CATHERINE C. BLAKE, District Judge.
Performance Food Group, Inc. ("PFG") delivers food and food-related products through its foodservice distributors. One distributor, its Broadline Division,
PFG employed "operatives," defined by the EEOC as "[w]orkers who operate machine or processing equipment or perform other factory-type duties of intermediate skill level which can be mastered in a few weeks and require only limited training,"
The EEOC's expert, Elvira Sisolak, has submitted an expert report, a rebuttal report, and a supplemental rebuttal report. PFG's rebuttal expert, Stephen G. Bronars, has submitted a rebuttal expert report and a supplemental rebuttal report. All reports concern Sisolak's statistical tests showing a statistically significant gender disparity adverse to women in job offer rates in the five operative positions.
Sisolak is a senior economist who works at the Office of General Counsel, EEOC. (ECF 256-1, Sisolak Report at 4). Her first report is dated August 7, 2017. Sisolak divided the applicant and hiring data provided by PFG into two time periods (2004-June 30, 2009, and July 1, 2009-2013), because the 2009-2013 period has more complete data. (Id. at 2-3). She also divided the "numerous Operative titles shown in the data into five job groups: Drivers, Forklift Operators, Selectors, Supervisors, and Other Warehouse positions." (Id. at 2). PFG received 76,589 applications during the 2004-2009 period, (id. at 19), and 101,769 applications during the 2009-2013 period, (id. at 8).
Sisolak compared the percentage of women applicants to the percentage of women selected. (Id. at 11 (2009-2013 period), 20-21 (2004-2009 period)). For each job group, she subtracted the actual female hires from the expected female hires, and calculated the "missed opportunities." (Id. at 11 (2009-2013), 21 (2004-2009)). She also compared the selection rates for men and women for each of the job groups. (Id. at 12 (2009-2013), 21-22 (2004-2009)).

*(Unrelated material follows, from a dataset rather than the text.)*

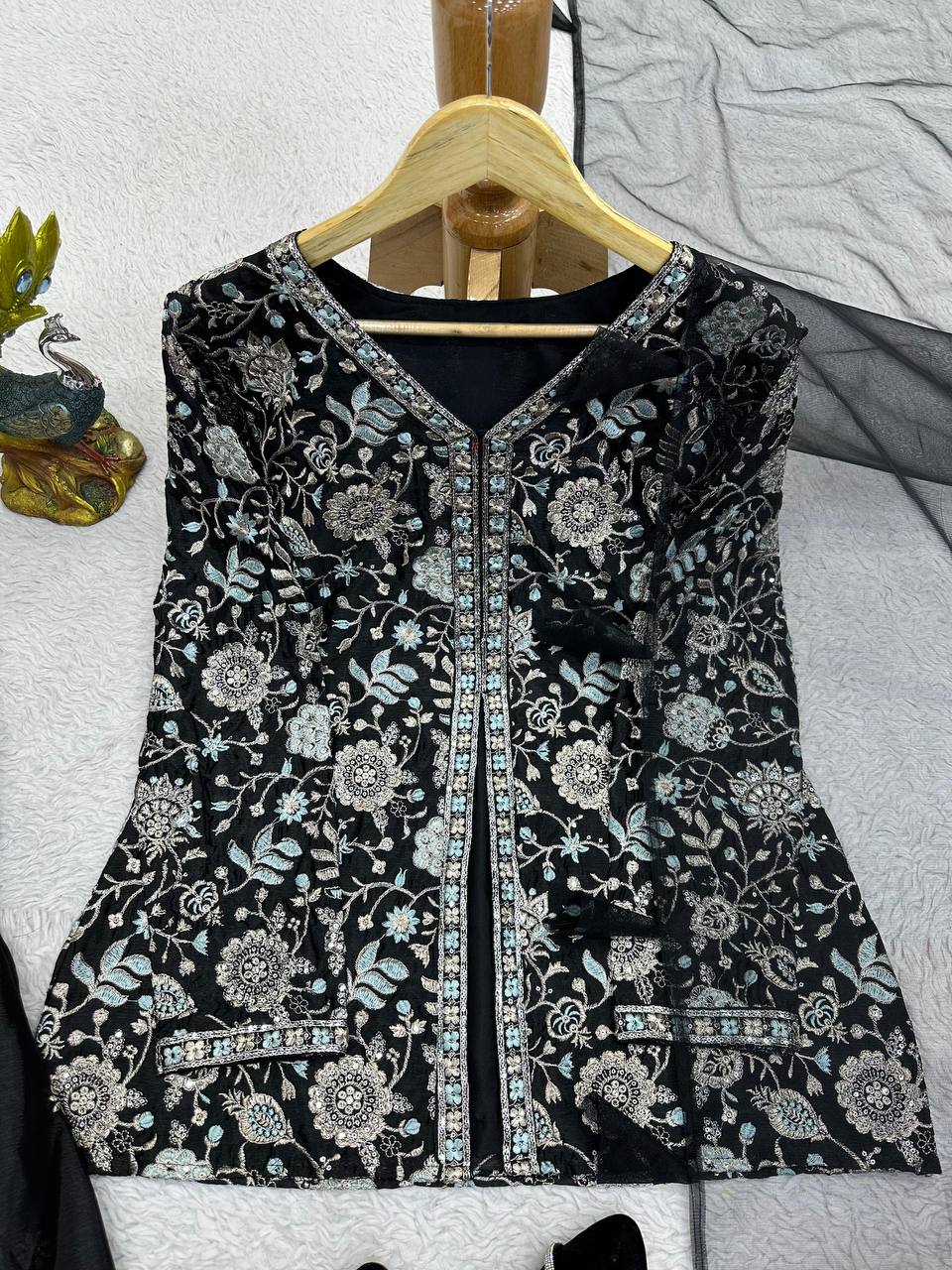 Awesome Black Color Wedding Wear Chinon Silk Sequence Work Sharara Suit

Sisolak then controlled for certain variables by conducting the analysis of selection rates by job group, location, and/or year. She did this by organizing the data into strata (e.g., one strata would consist of applicants for a selector position at a certain OpCo), and then aggregating the results to determine whether the selection rates were statistically significant. (Id. at 13-14 (2009-2013), 23 (2004-2009)). She used the Cochran-Mantel-Haenszel Procedure ("CMH") to aggregate the statistical results; the test is "designed to test the null hypothesis that the true selection rates for women and men do not differ when the data is disaggregated by strata (level) and then recombined."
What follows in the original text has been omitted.